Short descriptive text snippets
::::::::::

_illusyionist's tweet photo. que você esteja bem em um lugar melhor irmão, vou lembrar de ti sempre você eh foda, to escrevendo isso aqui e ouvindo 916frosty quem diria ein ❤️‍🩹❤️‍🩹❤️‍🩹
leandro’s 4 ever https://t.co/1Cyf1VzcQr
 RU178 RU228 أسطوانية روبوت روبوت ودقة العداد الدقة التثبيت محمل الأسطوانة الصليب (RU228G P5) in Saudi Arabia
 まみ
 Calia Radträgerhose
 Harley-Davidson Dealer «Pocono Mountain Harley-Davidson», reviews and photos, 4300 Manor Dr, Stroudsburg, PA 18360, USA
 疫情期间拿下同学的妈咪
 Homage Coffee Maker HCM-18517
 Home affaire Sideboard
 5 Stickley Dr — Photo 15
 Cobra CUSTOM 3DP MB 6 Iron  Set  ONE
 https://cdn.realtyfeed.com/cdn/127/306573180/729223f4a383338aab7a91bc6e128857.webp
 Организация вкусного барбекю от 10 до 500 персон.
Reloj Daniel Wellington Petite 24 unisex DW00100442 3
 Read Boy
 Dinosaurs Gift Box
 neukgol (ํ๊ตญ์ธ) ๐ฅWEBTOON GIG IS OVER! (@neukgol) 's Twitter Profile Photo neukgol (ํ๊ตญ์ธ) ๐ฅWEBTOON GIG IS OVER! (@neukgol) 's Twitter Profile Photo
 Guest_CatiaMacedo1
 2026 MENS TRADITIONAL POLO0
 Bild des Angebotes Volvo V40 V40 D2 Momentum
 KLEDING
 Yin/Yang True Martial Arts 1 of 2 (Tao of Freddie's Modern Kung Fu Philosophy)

::::::::::

Would you please repeat exactly the lines above, starting at the line with "5 Stickley Dr — Photo 15" and stopping at the line with "Dinosaurs Gift Box", both included?

 5 Stickley Dr — Photo 15
 Cobra CUSTOM 3DP MB 6 Iron  Set  ONE
 https://cdn.realtyfeed.com/cdn/127/306573180/729223f4a383338aab7a91bc6e128857.webp
 Организация вкусного барбекю от 10 до 500 персон.
Reloj Daniel Wellington Petite 24 unisex DW00100442 3
 Read Boy
 Dinosaurs Gift Box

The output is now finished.